Open Source Use On The Rise, But Management Policies Lag
Among the biggest concerns keeping both large and small developers up at night are licensing and support.
The good news is the deployment of open source is growing. The bad news is that policies managing those projects are an afterthought.
Those are the results of an informal survey of developers at the Software Development West Software Development Conference this week.
Company officials at Black Duck Software, which conducted the survey among 50 developers who worked for companies ranging in size from less than 20 to 10,000, said they were surprised by the continued ad hoc approach to managing open source projects.
"There are a complex set of compliance, security, and management problems that can surface when OSS is used at enterprise scale, but these concerns seem to be secondary to getting the work done," said Peter Vescuso, an executive VP with Black Duck Software, from the conference.
Vescuso said many times developers do not know the licensing conditions attached to the open source code they're using, and without proper management policies in place they can easily run afoul of its licensing terms.
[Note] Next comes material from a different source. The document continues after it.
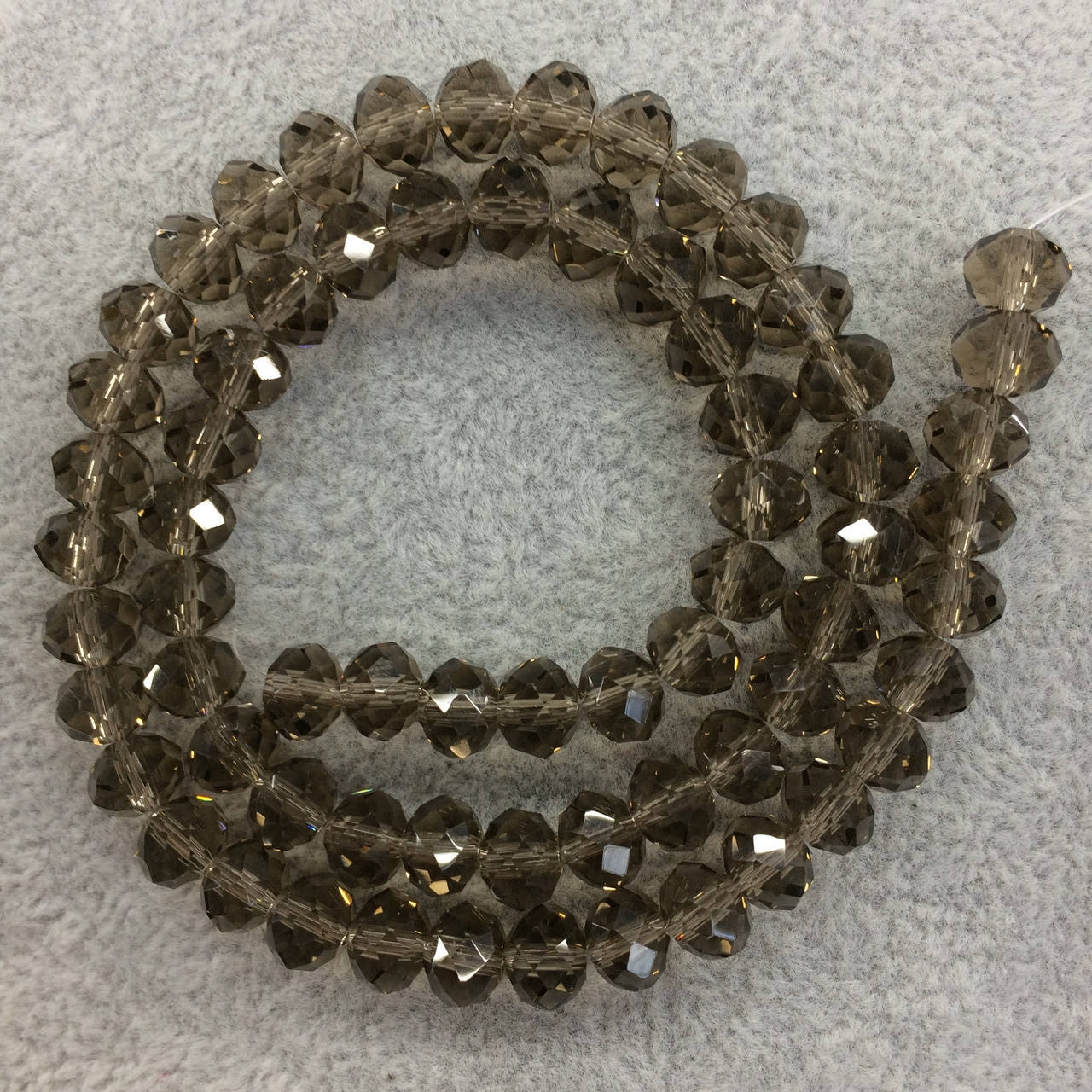 

Бусины на нитке Стекло рондель d=8мм цвет раухтопазовый (~72 бусины на на нитке)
According to the survey, 44% said they were using more open source software than they were a year ago, with 32% saying they were using about the same, and 12% saying they were using less.
However, only 22% said their respective companies have clear management policies and procedures in place for overseeing open source projects.
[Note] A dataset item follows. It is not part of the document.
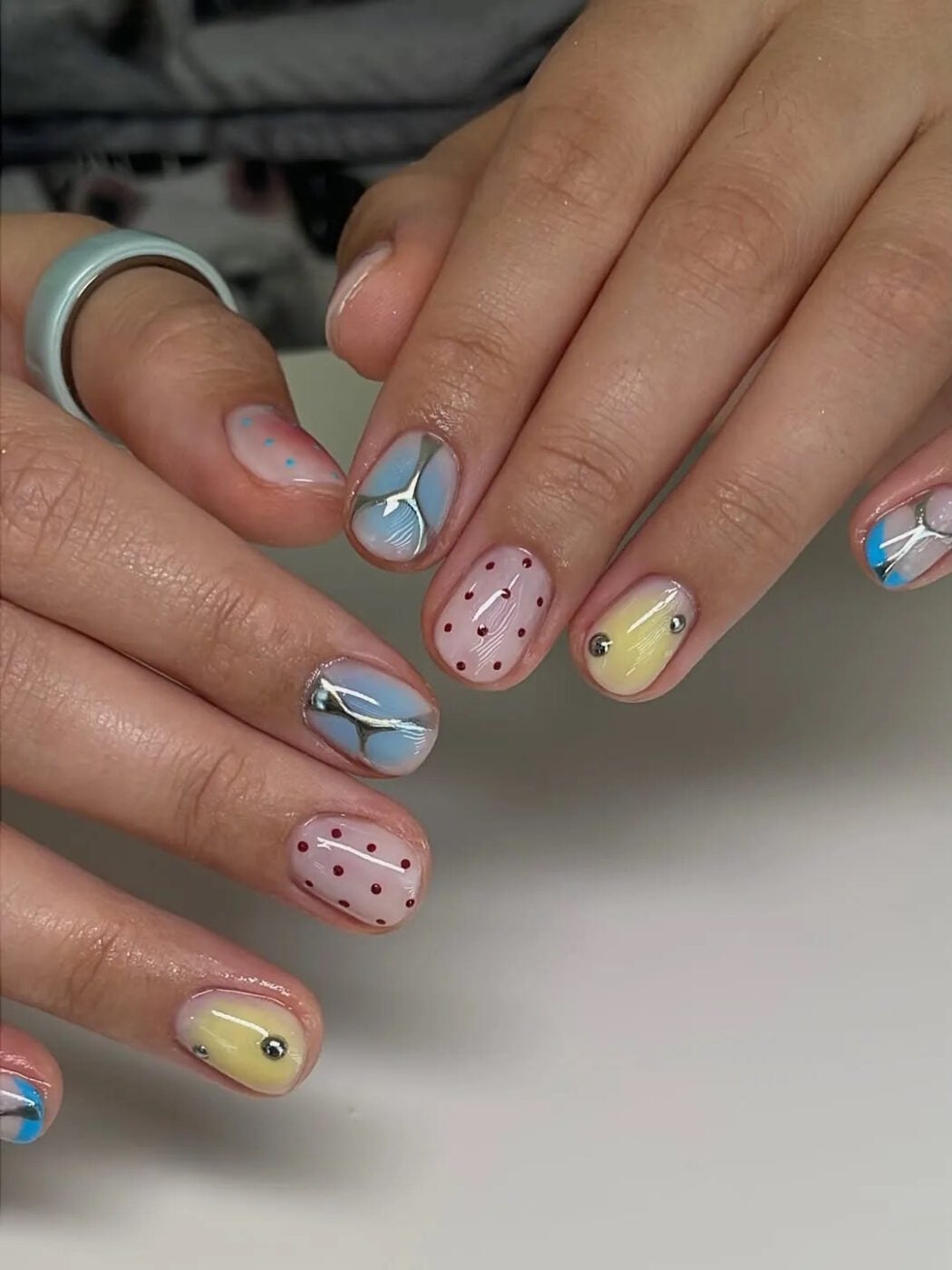 Κοντά νύχια: Τα πιο όμορφα nail looks για το καλοκαίρι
Underlining the widespread lack of management policies in place, the survey results showed that only 40% of companies with more than 500 developers had active management policies.
While some 82% of the respondents said they used some form of open source software, a large majority said they either had "little awareness" or no opinion to offer on Microsoft and that company's position on open source software. This took Vescuso by surprise, given that many of the developers attending the show were committed in varying degrees to Microsoft's .Net.
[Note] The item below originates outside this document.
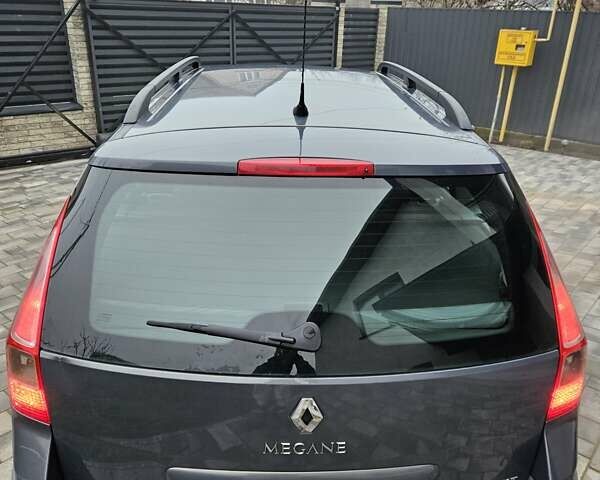 Серый Рено Меган, объемом двигателя 1.6 л и пробегом 257 тыс. км за 6500 $, фото 10 на Automoto.ua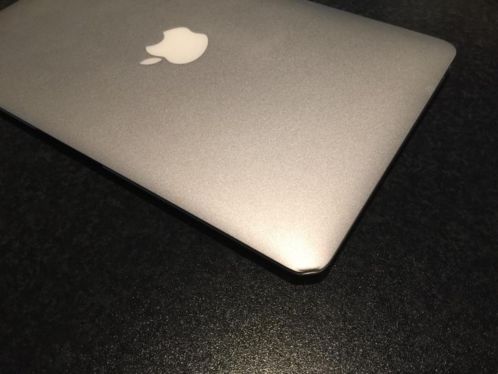 Hele mooie MacBook air 11-inch met extra039s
"With Microsoft talking about and opening up more towards open source, we thought people here would have some opinions about that, but it just drew a lot of blanks with them," Vescuso said.
Among the biggest concerns keeping both large and small developers up at night were licensing and support. A little more than 50% said they had issues or unanswered questions that relate to licensing open source software, while 21% worried about providing technical support. The third ranking issue on the worry list surrounded overall security.
On the positive side, 16% said they had no concerns or unresolved issues relating to open source.
Asked what programming language they most often used, 35% said Java, with another 27% preferring C and C++, and another 27% selecting C#. Not unexpectedly, Visual Basic was finished fourth with only 6% saying they used the Microsoft language.